Segment Start: Record set
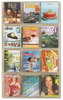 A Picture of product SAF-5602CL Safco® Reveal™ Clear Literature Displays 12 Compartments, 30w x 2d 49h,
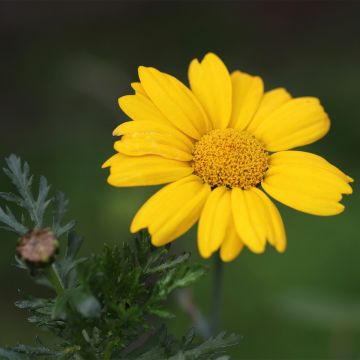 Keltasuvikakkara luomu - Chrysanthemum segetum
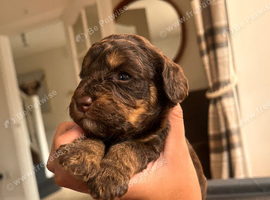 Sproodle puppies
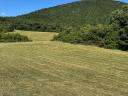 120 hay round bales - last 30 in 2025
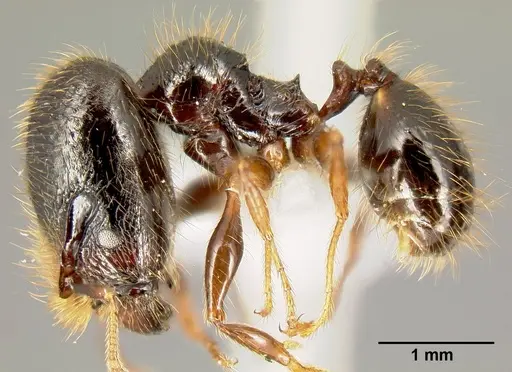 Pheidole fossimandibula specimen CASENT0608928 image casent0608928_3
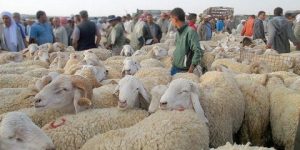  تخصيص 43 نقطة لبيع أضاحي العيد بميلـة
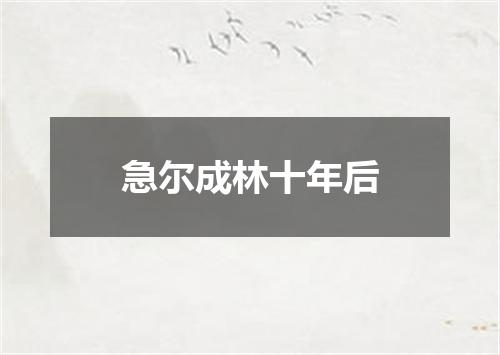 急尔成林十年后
Segment End: Record set
Directions
Make an exact copy of the data, leaving its pictures out.

Task output
 A Picture of product SAF-5602CL Safco® Reveal™ Clear Literature Displays 12 Compartments, 30w x 2d 49h,
 Keltasuvikakkara luomu - Chrysanthemum segetum
 Sproodle puppies
 120 hay round bales - last 30 in 2025
 Pheidole fossimandibula specimen CASENT0608928 image casent0608928_3
  تخصيص 43 نقطة لبيع أضاحي العيد بميلـة
 急尔成林十年后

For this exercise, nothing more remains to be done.